* _Exercise description_: Output exactly, and only, the lines below from the one with "Creamy Mushroom Chicken" down to the one with "Nov 26, 2025;". Include both end lines and no pictures.

-- Material provided follows --

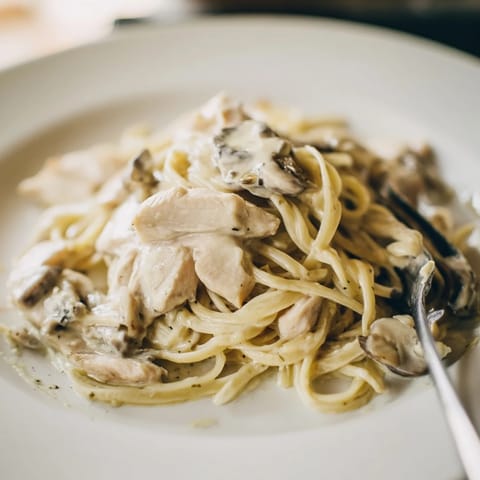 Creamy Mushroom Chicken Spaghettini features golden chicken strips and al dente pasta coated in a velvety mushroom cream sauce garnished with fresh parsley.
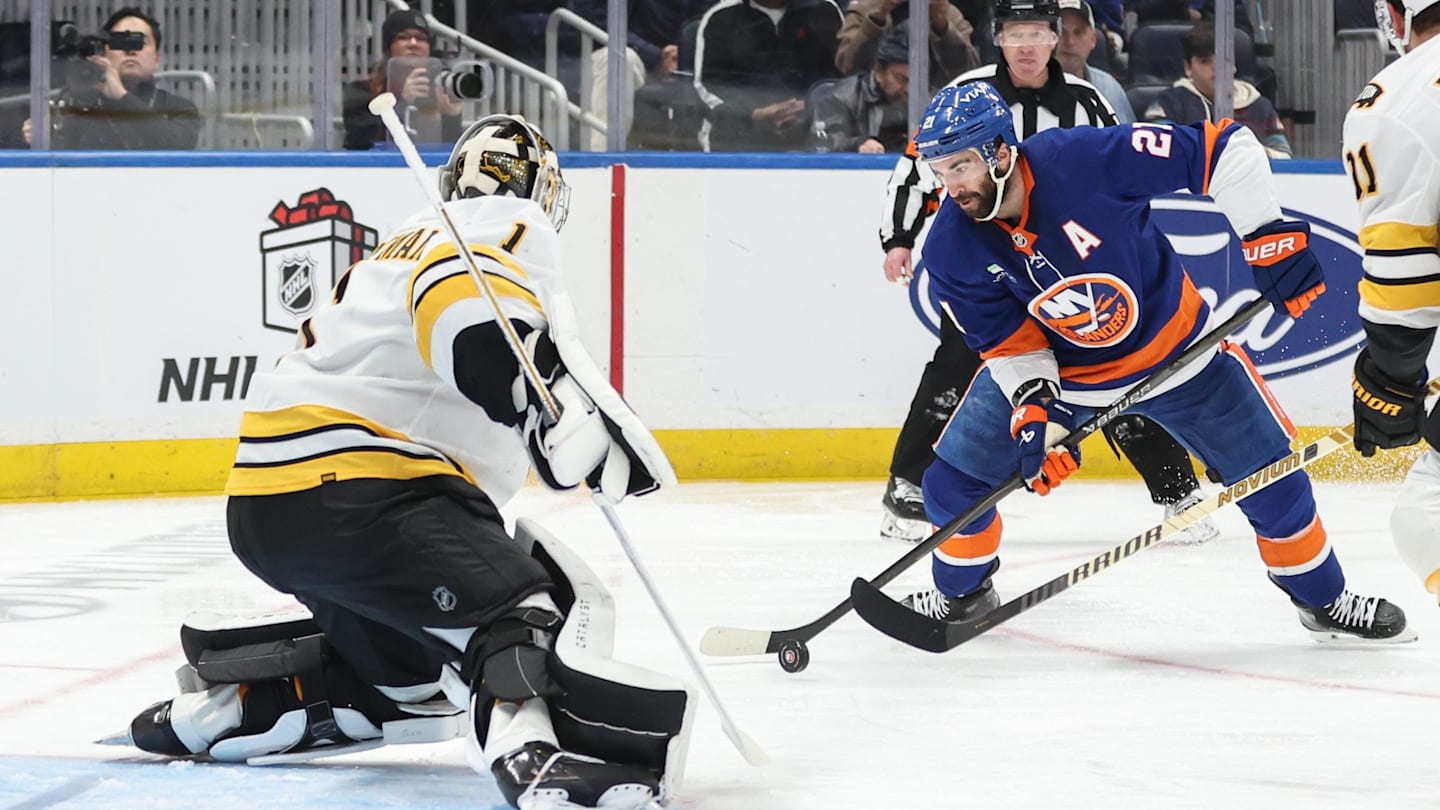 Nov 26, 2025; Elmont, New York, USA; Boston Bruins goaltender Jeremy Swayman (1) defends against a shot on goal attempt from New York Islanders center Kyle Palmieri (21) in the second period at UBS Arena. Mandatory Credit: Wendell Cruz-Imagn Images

-- Material provided concluded --
-- Material provided follows --

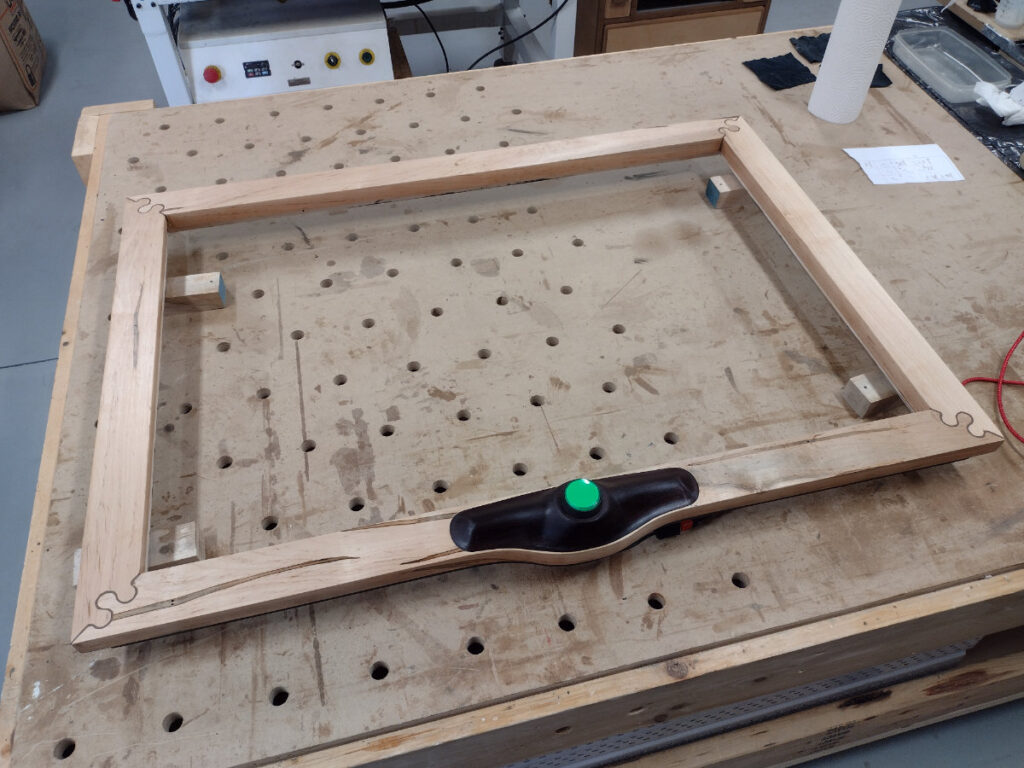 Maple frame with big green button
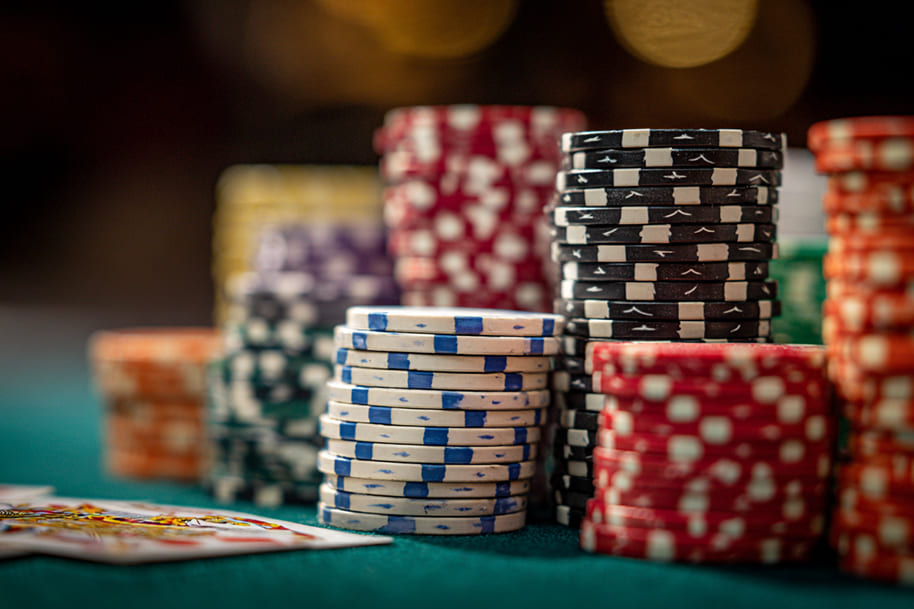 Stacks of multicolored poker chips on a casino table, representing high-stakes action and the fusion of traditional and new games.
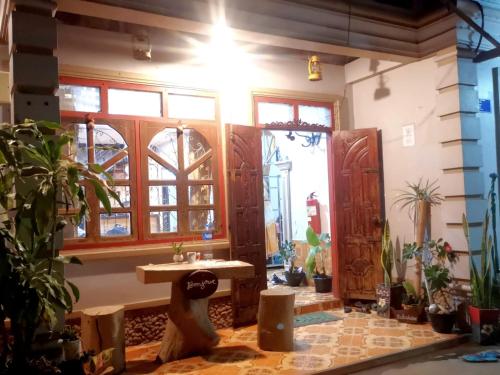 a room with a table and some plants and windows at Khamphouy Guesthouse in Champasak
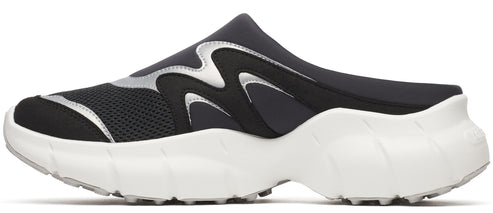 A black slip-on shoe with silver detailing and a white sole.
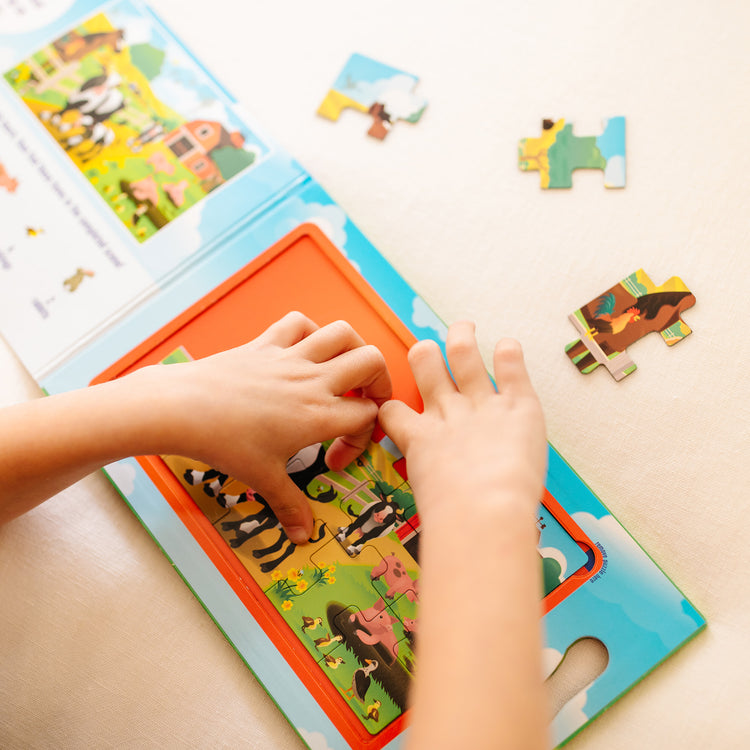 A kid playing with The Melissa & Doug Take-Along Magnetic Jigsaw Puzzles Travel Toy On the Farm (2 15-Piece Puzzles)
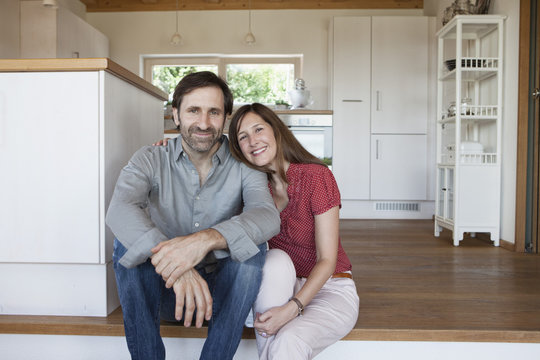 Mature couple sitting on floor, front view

-- Material provided concluded --
-- Material provided follows --

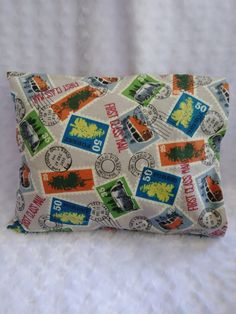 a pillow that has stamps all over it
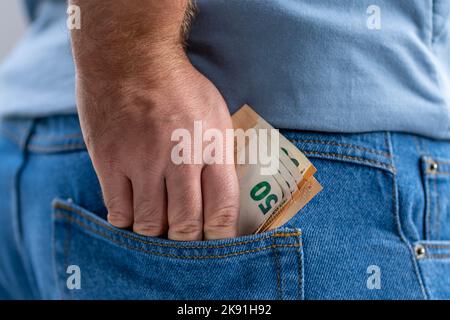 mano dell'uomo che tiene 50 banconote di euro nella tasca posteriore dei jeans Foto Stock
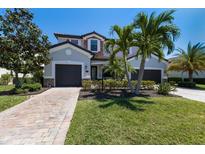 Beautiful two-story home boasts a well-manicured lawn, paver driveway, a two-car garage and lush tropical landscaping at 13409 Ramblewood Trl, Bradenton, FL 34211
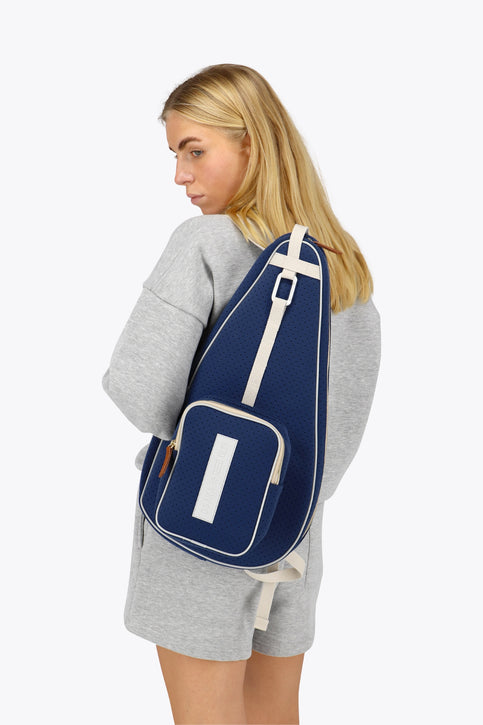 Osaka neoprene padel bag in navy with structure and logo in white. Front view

-- Material provided concluded --

* _Response area_:
 Creamy Mushroom Chicken Spaghettini features golden chicken strips and al dente pasta coated in a velvety mushroom cream sauce garnished with fresh parsley.
 Nov 26, 2025; Elmont, New York, USA; Boston Bruins goaltender Jeremy Swayman (1) defends against a shot on goal attempt from New York Islanders center Kyle Palmieri (21) in the second period at UBS Arena. Mandatory Credit: Wendell Cruz-Imagn Images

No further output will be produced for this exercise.